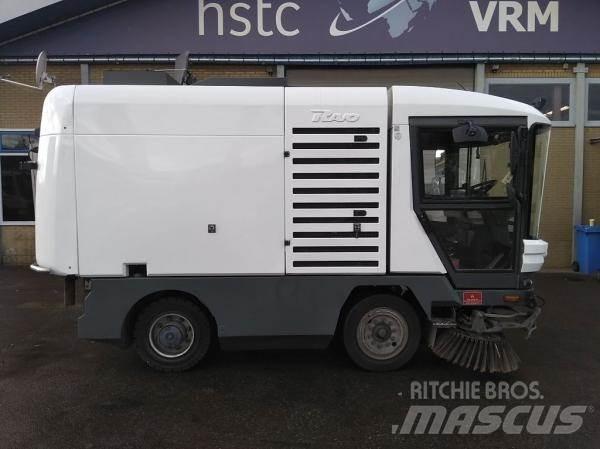 Ravo 530STH Strojevi za metenje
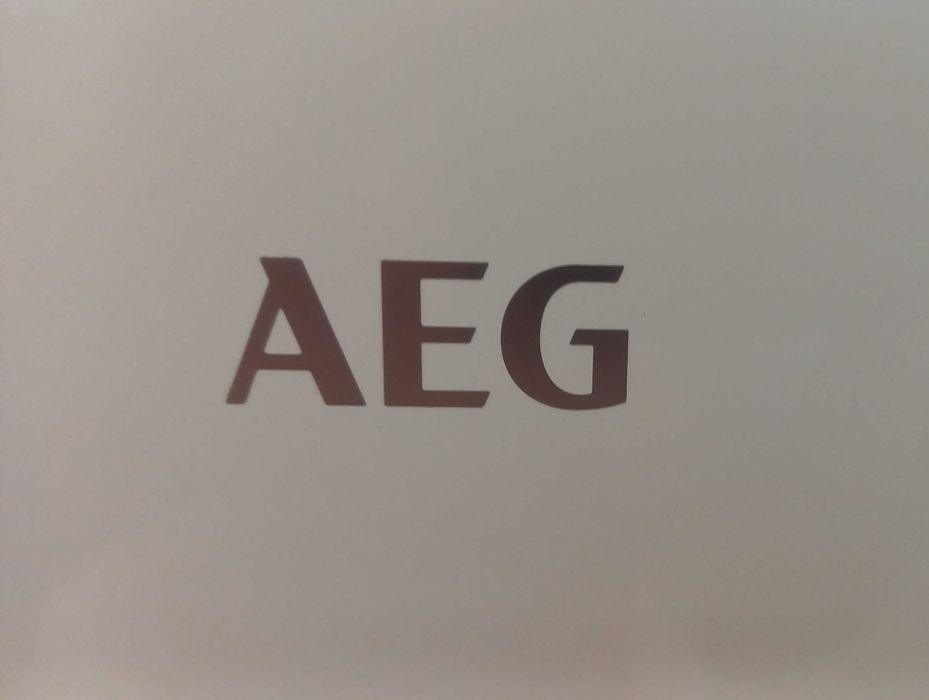 Продавам хладилник "АЕG" с отделна камера - НОВ!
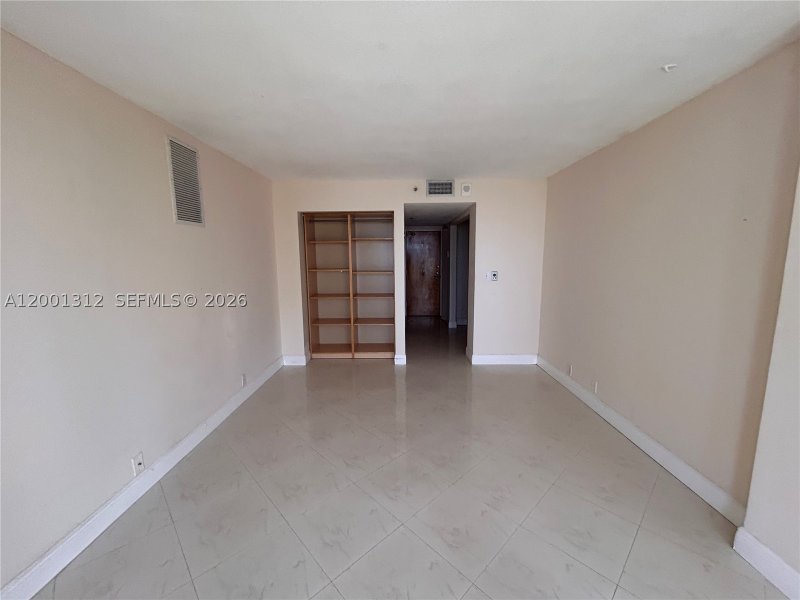 Apartment for rent at Grandview Palace 1612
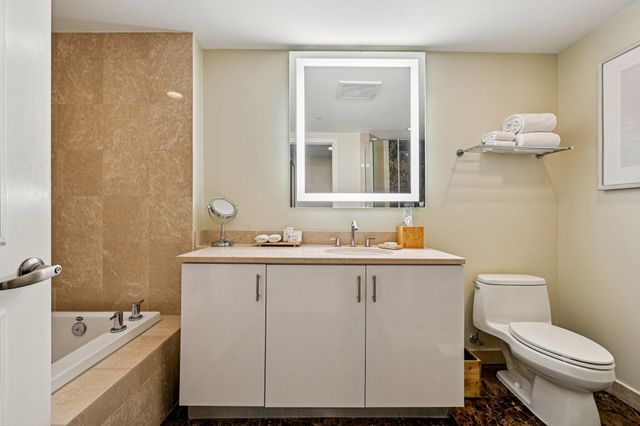 505 N Fort Lauderdale Beach Boulevard 1909, Fort Lauderdale, FL 33304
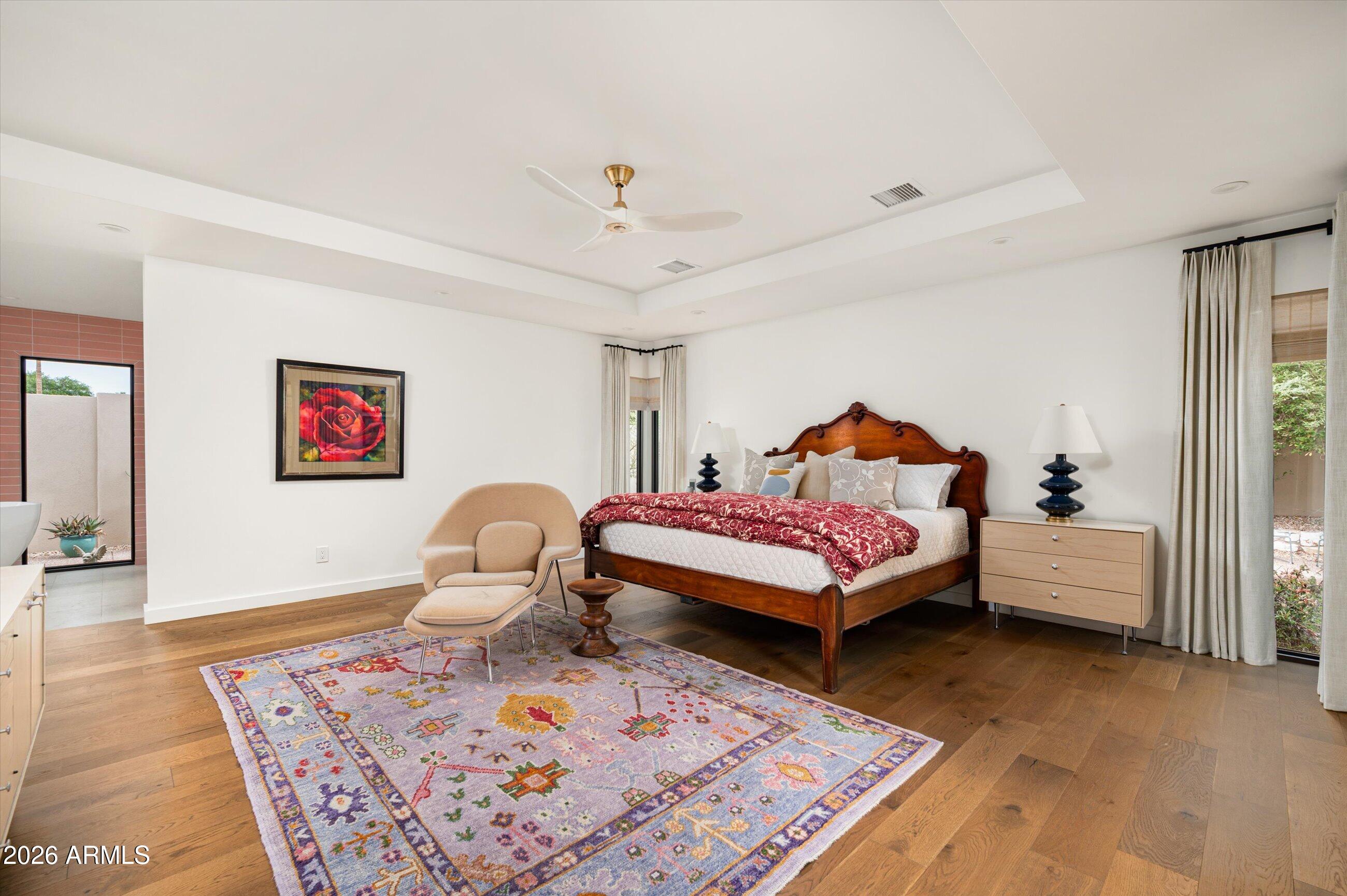 515 W ORANGEWOOD Avenue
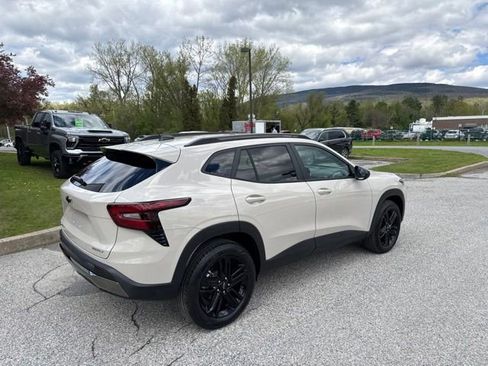 New 2026 Chevrolet Trax ACTIV FWD image 10
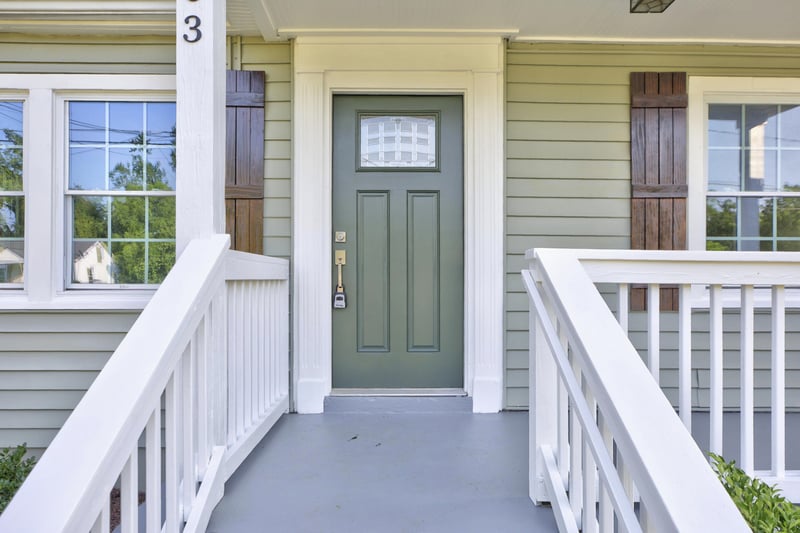 1063 Horseshoe Dr, Nashville, TN 37216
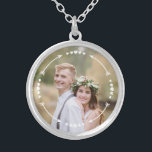 Bröllop Kärlek Hjärtpil Romantiskt Modern Foto Silverpläterat Halsband<br><div class="desc">Den här moderna designen innehåller ditt favoritfoto med en ram av hjärtan och pilar #fotogifts #presenter #gifts #jewelry #necklace #giftsforher #girly #kärlek #romanticgifts #valentine #valentinesday #kärlek #romantic #hjärta</div>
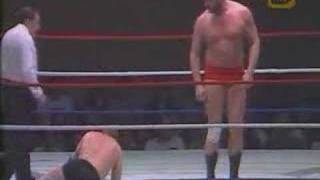 British wrestling Pat Roach vs Judo Pete Roberts [upl. by Nitsyrc]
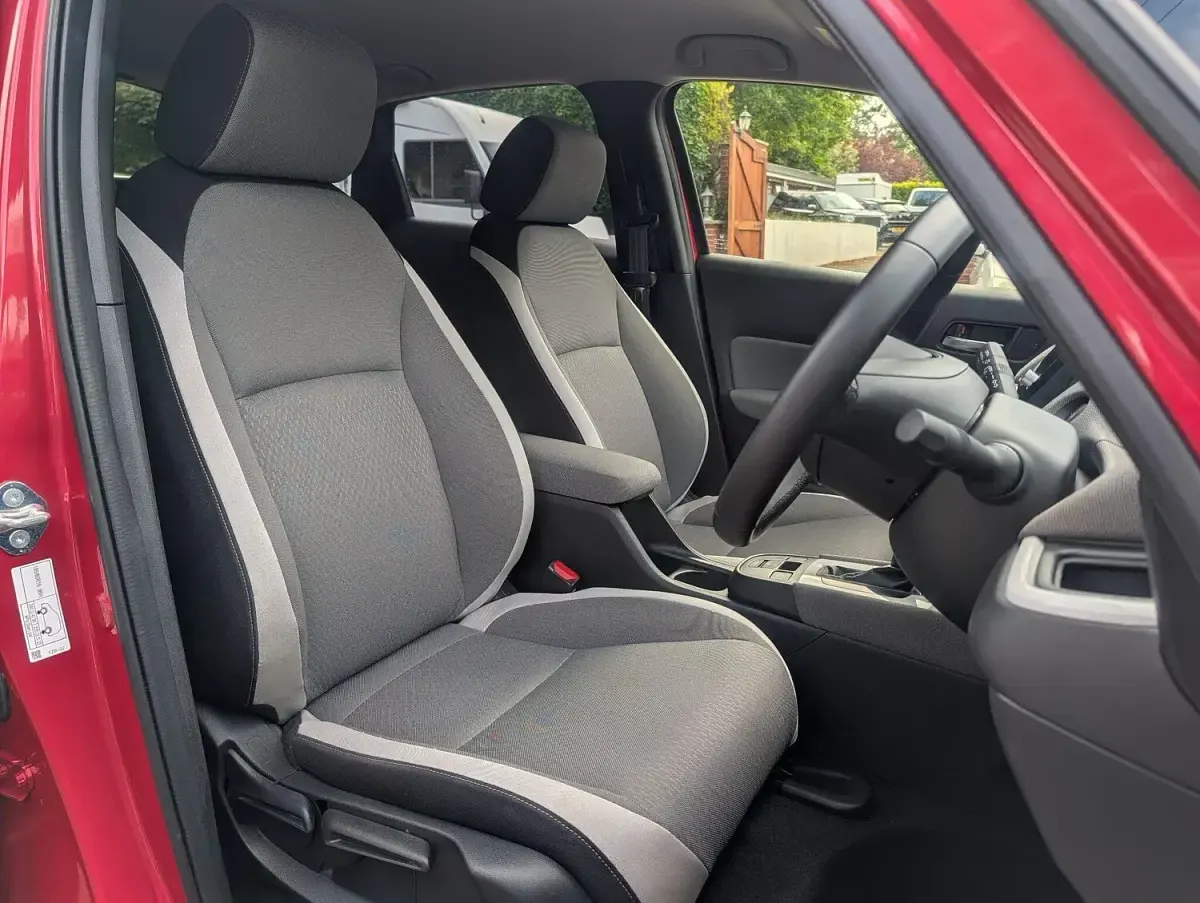 Used Honda Jazz Hybrid 109 HP (80 kW) 2021 Red Hatchback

TO DO >>
Except for the pictures, copy the material above exactly.

ANSWER SPACE >>
 Ravo 530STH Strojevi za metenje
 Продавам хладилник "АЕG" с отделна камера - НОВ!
 Apartment for rent at Grandview Palace 1612
 505 N Fort Lauderdale Beach Boulevard 1909, Fort Lauderdale, FL 33304
 515 W ORANGEWOOD Avenue
 New 2026 Chevrolet Trax ACTIV FWD image 10
 1063 Horseshoe Dr, Nashville, TN 37216
 Bröllop Kärlek Hjärtpil Romantiskt Modern Foto Silverpläterat Halsband<br><div class="desc">Den här moderna designen innehåller ditt favoritfoto med en ram av hjärtan och pilar #fotogifts #presenter #gifts #jewelry #necklace #giftsforher #girly #kärlek #romanticgifts #valentine #valentinesday #kärlek #romantic #hjärta</div>
 British wrestling Pat Roach vs Judo Pete Roberts [upl. by Nitsyrc]
 Used Honda Jazz Hybrid 109 HP (80 kW) 2021 Red Hatchback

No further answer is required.